Quatrième opus de la série initiée par Sam Raimi avec Tobey Maguire, Spider-Man ne renouvelle pas fondamentalement le genre (ce n’est pas son intention), mais tisse honorablement sa toile.

Et si on se faisait une toile ?

A force, ce Peter on le connaît Parker. Bon, elle était facile celle-là, mais pourquoi pas ? Cet Amazing Spider-Man se prête volontiers à l’esprit frondeur : on voit ainsi le jeune Parker récemment mordu par une araignée consulter des sites Internet style Doctissimo, en un mot surfer sur la toile. De même, le réalisateur de ce quatrième avatar (après la série des trois Sam Raimi entre 2002 et 2007) des aventures de l’homme araignée se nomme Marc Webb. Ça ne s’invente pas.

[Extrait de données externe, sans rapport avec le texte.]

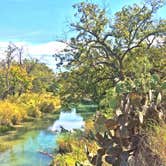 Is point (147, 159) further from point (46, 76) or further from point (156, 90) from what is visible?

Trêve de plaisanteries. Cet épisode s’inspire de la transformation du docteur Curt Connors en lézard géant, publié dans le Comics The Amazing Spider-Man (d’où le titre du film) datant de 1963. Passons sur l’extrême minceur du scénario, que les auteurs du film ne se sont pas trop fatigués à épaissir. Passons aussi sur le peu d’intérêt des effets spéciaux genre Jurassic Park amélioré. A ce propos, les citations sont pléthore : on y retrouve un peu d’Alien, beaucoup du premier Superman, pas mal de King Kong…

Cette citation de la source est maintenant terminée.